A. David Paltiel

A. David Paltiel is a professor of health policy and management at the Yale School of Public Health. He holds a secondary appointment as a professor at the School of Management. After completing his PhD in operations research at Yale in 1992, he taught at Harvard’s School of Public Health and Kennedy School of Government before joining the Yale faculty in 1996. He is a founding member and former director of the Public Health Modeling Unit, an interdisciplinary center based at the School of Public Health that convenes faculty and trainees from around the university to develop and implement systems-based solutions for clinical decision making and health policy.
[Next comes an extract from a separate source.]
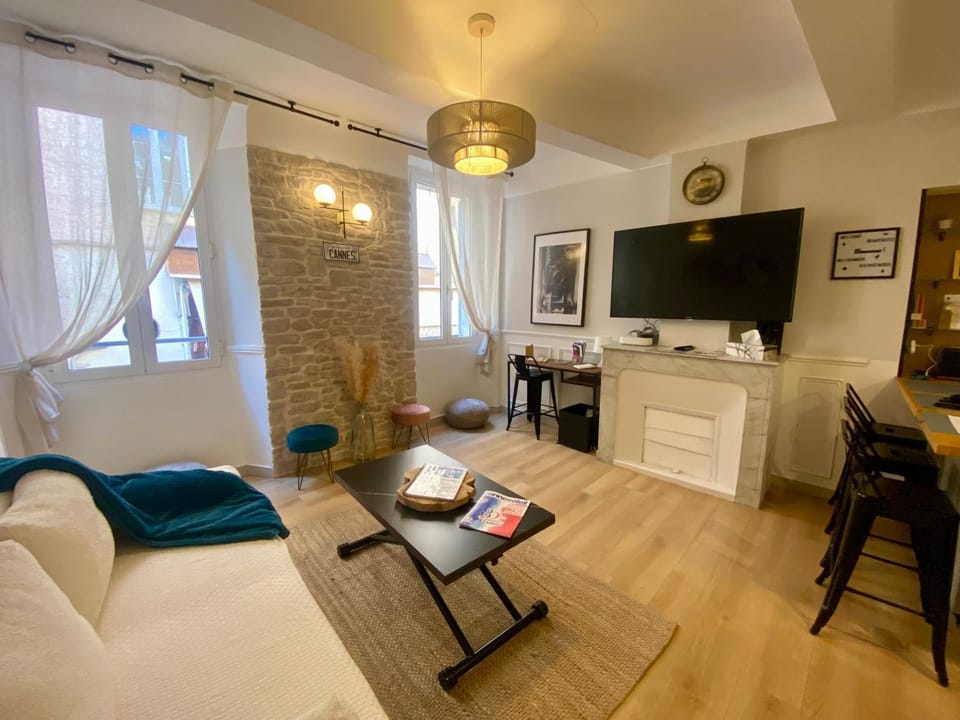 Communal lounge/ TV room, Living room, Seating area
Professor Paltiel designs mathematical simulation and resource allocation models to inform prevention, screening, and treatment decisions in health and medicine. Among his more consequential contributions in HIV are establishing the cost-effectiveness of population-wide screening and setting performance benchmarks for the approval and implementation of pre-exposure prophylaxis strategies. During the COVID-19 pandemic, his research and recommendations served as the blueprint for the safe reopening of universities and residential colleges across the country. Most recently, he has gained international attention for his forecasts of the clinical and economic impact of scaling back US global health assistance. He was elected to the Connecticut Academy of Science and Engineering in 2014 and has served on clinical guideline review panels and scientific advisory committees for the US National Institutes of Health, the US Centers for Disease Control and Prevention, the US National Academies, the French public health authority (Santé Publique France), and the French National Agency for AIDS Research (ANRS-MIE).